For instance, I add a few elements into my hash table:

The hash table is:
Index  Key    Data
    0   31     3100
    1    1     100
    2    2     200
    3   -1
    4   -1
    5   -1
    6   -1
    7   -1
    8   -1
    9   -1
   10   -1
   11   -1
   12   -1
   13   -1
   14   -1
   15   -1
   16   -1
   17   -1
   18   -1
   19   -1
   20   -1
   21   -1
   22   -1
   23   -1
   24   -1
   25   -1
   26   -1
   27   -1
   28   -1
   29   -1
   30   -1

So all of my values are empty except the first 3 indices. Obviously key 31 should be going into index 1. But since key 1 is already there, it collides and settles for index 0. I then erase key 1 and rehash the table but key 31 stays at index 0.
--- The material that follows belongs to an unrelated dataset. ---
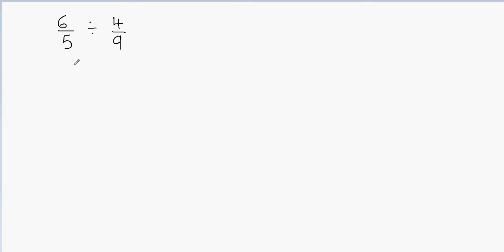First of all, I'll convert this problem into a multiplication problem. Let's write this as 6/5. You don't have to change the first fraction, you keep it as it is. Then we're going to change the division sign to multiplication sign because we're converting this division problem into a multiplication problem.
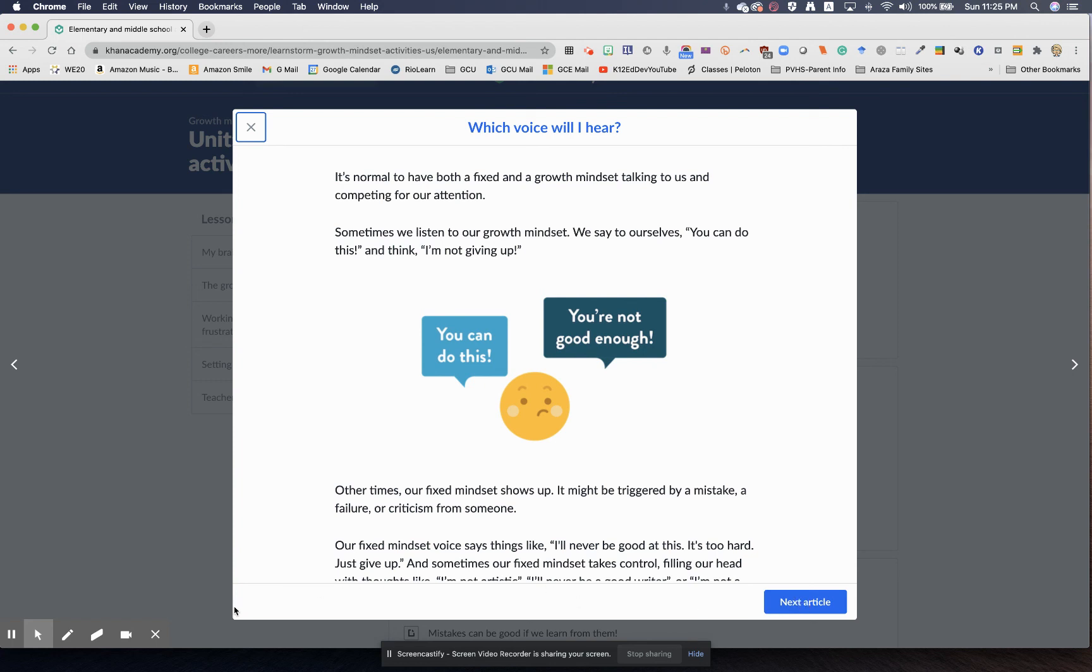This has been your Canyon PD tip of the day. I hope that you too will check out growth mindset at Khan Academy. Until then, we'll see you next time to empower your students to fulfill their purpose.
Here are the functions that may be worth looking at:

void Table::insert( const RecordType& entry )
{
   bool alreadyThere;
   int index;

   assert( entry.key >= 0 );

   findIndex( entry.key, alreadyThere, index );
   if( alreadyThere )
      table[index] = entry;   
   else
   {
      assert( size( ) < CAPACITY );
      index = hash( entry.key );
      while ( table[index].key != -1 )
         index = ( index + 1 ) % CAPACITY;
      table[index] = entry;
      used++;
   }
}

Since insert uses findIndex, I'll include that as well

void Table::findIndex( int key, bool& found, int& i ) const
{
   int count = 0;

   assert( key >=0 );

   i = hash( key );
   while ( count < CAPACITY && table[i].key != -1 && table[i].key != key )
   {
      count++;
      i = (i + 1) % CAPACITY;
   }   
   found = table[i].key == key;
}

And here is my current start on erase

void Table::erase(int key) 
{
    assert(key >= 0);

    bool found, rehashFound;
    int index, rehashIndex;

    //check if key is in table
    findIndex(key, found, index);

    //if key is found, remove it
    if(found)
    {
        //remove key at position
        table[index].key = -1;
        table[index].data = NULL;
        cout << "Found key and removed it" << endl;
        //reduce the number of used keys
        used--;
        //rehash the table

        for(int i = 0; i < CAPACITY; i++)
        {
            if(table[i].key != -1)
            {
                cout << "Rehashing key : " << table[i].key << endl;
                findIndex(table[i].key, rehashFound, rehashIndex);
                cout << "Rehashed to index : " << rehashIndex << endl;
                table[rehashIndex].key = table[i].key;
                table[rehashIndex].data = table[i].data;
            }
        }
    }
}

Can someone explain what I need to do to make it rehash properly? I understand the concept of a hash table, but I seem to be doing something wrong here.

EDIT

As per user's suggestion:

void Table::erase(int key)
{
    assert(key >= 0);
    bool found;
    int index;

    findIndex(key, found, index);

    if(found) 
    {
        table[index].key = -2;
        table[index].data = NULL;
        used--;

    }

}


//modify insert(const RecordType & entry)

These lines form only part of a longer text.